Education and Food Security: One Success, Two Warnings and Three Paradoxes

Special Focus : The Role of Education to Achieve Sustainable Development
Access and Inclusion January 13, 2015

This is article 2 of 4  in our special focus on education’s impact on development and why the new development goals must go further to ensure that all children have access to quality basic and secondary education. This special focus is co-produced by Global Partnership for Education.


A phenomenal success 

Education is a very smart investment. In fact, the Post-2015 Consensus describes it as “phenomenal”, with returns exceeding 15 times the cost of some of its interventions.  Education has multiple individual benefits. It increases present human capital and future earnings. It improves opportunities by facilitating women’s participation in labor markets and shaping preferences, which has resulted in a historical reduction in fertility rates.  

Education also has enormous social benefits. It saves lives by magnifying the effects of improved sanitation, reducing the risk of conflict and improving food security. In effect, children of more educated parents – especially more educated women — benefit from better feeding practices, receive better prenatal care, and are less likely to be malnourished. Higher earnings among more educated individuals mean more resources to buy food, better access to nutritious foods, and more options to cope with price shocks and food shortages. 

In addition, well-nourished children and adults perform better in schools and labor markets. By weakening the perverse link between malnutrition and loss of productivity, which is estimated to have reduced the world’s GDP by a whopping 8 percent during the 20th century, education can bring phenomenal returns indeed. For all these reasons, the food security rationale for investing in education is uncontested. 

Or is it?

Two warnings

As societies become more educated and prosperous, their food demands increase and vary in composition.

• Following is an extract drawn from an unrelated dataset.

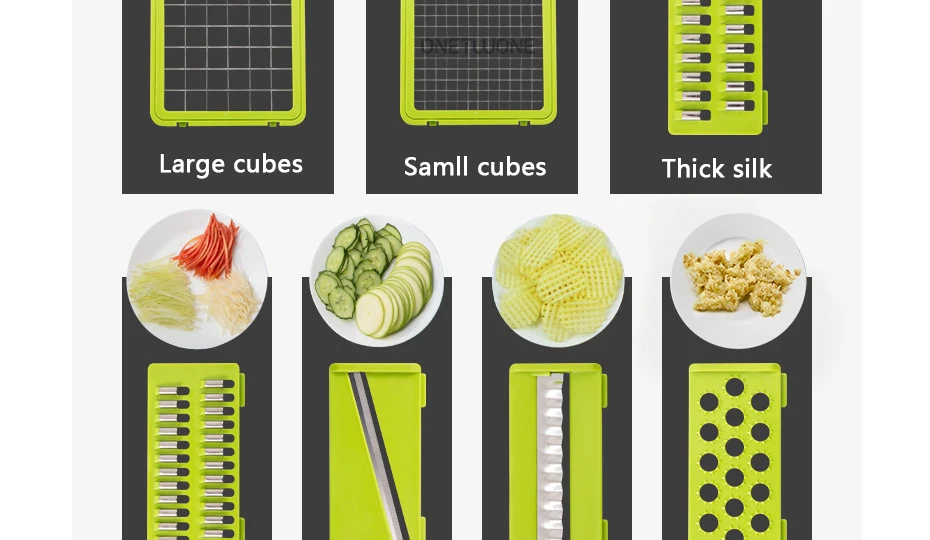 121新多功能切菜器_04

Meat and dairy products become more prominent in the diets of more developed societies. On average, by 2040 each of the nine billion people living on Earth will consume almost a third more meat than today’s seven billion people (or 12 kg more than the current 44 kg of meat per person per year).  Such demand changes will impose further pressures on global food systems and the planet’s natural resources.  A single fact explains why: producing a calorie from cereals requires an average of 7-10 calories of energy in input; producing a calorie from beef requires 36. 

And as societies become more prosperous, they also waste more food. On average, the world is said to lose and waste between a quarter and a third of the food it produces for human consumption. This is more than one billion metric tons of food per year! In the more educated and developed world, consumers waste a staggering annual average of 75-115 kilograms of food per person. This year a family of four in the US will waste more than $1,600 worth of food. And this absurd waste becomes worse among wealthier and more educated socioeconomic groups –both in developed and developing societies.  

Is it really fair to blame education for these pressures on food security? A causal link remains to be empirically demonstrated and quantified but this should not serve as an excuse: more educated societies have been so far incapable of preventing thoughtless behaviors having an impact on limited natural resources.

Three paradoxes 

Looking forward, we need to realize – and act upon – what I describe as the three paradoxes associated with education and food security. 

The food paradox: As education becomes more successful in reducing today’s food insecurity, it may contribute to increasing pressures on tomorrow’s natural resources. Humanity has never been richer and more educated. Poverty has never affected a smaller share of the world’s population. Yet, some 805 million world citizens suffer from hunger.

 The distribution paradox: As more and more children are able to access high-quality education, those left behind will be more vulnerable to food insecurity. And as the world becomes more prosperous, inequalities will have a more onerous burden on those suffering them. This will also be true in terms of food disparities.    

 The information paradox: It is by spreading more information, knowledge, good practices and awareness – and not by simply adding more schooling years – that the perils of irresponsible food behaviors can be addressed.  It is precisely by “educating” the most educated societies that this embarrassment of riches will be stopped.